## Task brief
In the entries below, repeat only the lines between those holding "Microwave Dish Covers - Big" and "B*♥2025 New Arrivals", inclusive. Leave pictures out.

══ Dataset content

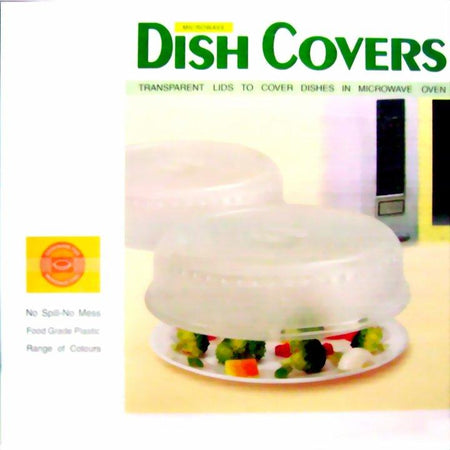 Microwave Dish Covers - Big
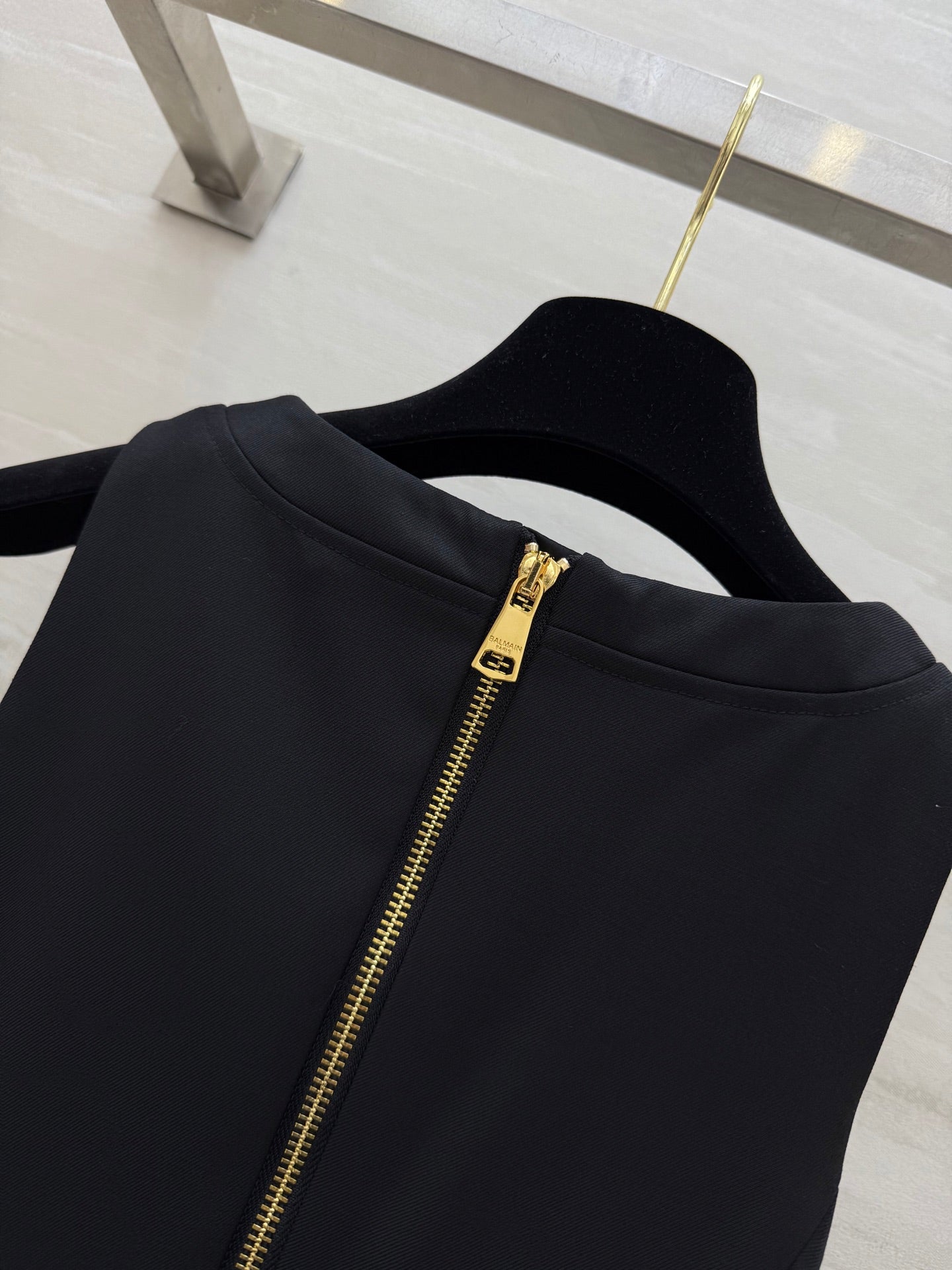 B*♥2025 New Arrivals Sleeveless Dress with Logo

════
══ Dataset content

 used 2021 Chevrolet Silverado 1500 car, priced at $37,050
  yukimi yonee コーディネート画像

════

## Answer to this problem
 Microwave Dish Covers - Big
 B*♥2025 New Arrivals Sleeveless Dress with Logo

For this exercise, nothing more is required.